A further two years as Daniel Boulud’s brightest light at Lumiere and DB Bistro readied him for two of the greatest challenges of his career: tackling the Top Chef Canada competition and opening a restaurant of his own. The first he handled with now-celebrated aplomb, the second, Ensemble, is where Mackay brings it all together nightly.

Regardless, he continues to find fresh challenges. His latest project has been in development for long enough; shortly, Chef Mackay is releasing a line of six different self-same-branded grinders and blenders, spice mixes and oils aimed directly at the home cook.

“Top Chef brought some great exposure. Before the finale, we were doing well. But since? This is a gift,” he admits.

“The nice thing is the reach of the demographics. People of all ages tuned into the show. I have nine-year-olds coming up to me with so much food knowledge.”

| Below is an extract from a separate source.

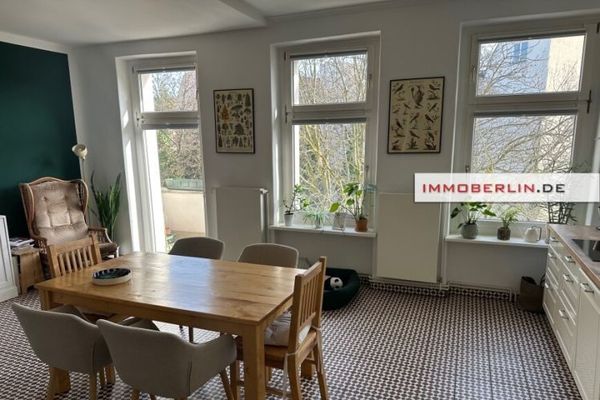 IMMOBERLIN.DE - Einzugsbereite kernsanierte Stuck-Altbauwohnung mit Balkon & Lift in Ruhelage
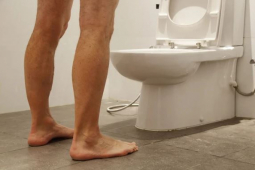 Sức khỏe đời sống - 99% đàn ông đang tiểu tiện sai cách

As a single father with an interest in passing on his culinary know-how to a new generation, he takes an active role in the mentoring of the youngest cooks in any kitchen via a school program at Vancouver’s Templeton Secondary.

An undisputed freehand artist in his approach to the plate, aside from The Spice Bible, he has not read a cookbook in years. His inspirations are sourced daily and their manifestations are Ensemble’s strongest suit – aside from the impeccable presentation.

While free-flowing in the approach to any given dish, Mackay remains a firm believer in the finer aesthetics of the simplest dishes.

“It’s all about diligence. I’m a big believer in seeing where it goes, but I like food to be clean and elegant, especially the basics.  Doing casual does not have to mean rustic sloppy,” Mackay says with a grin.

“I’m pretty anal about it, but who does not like beautiful?”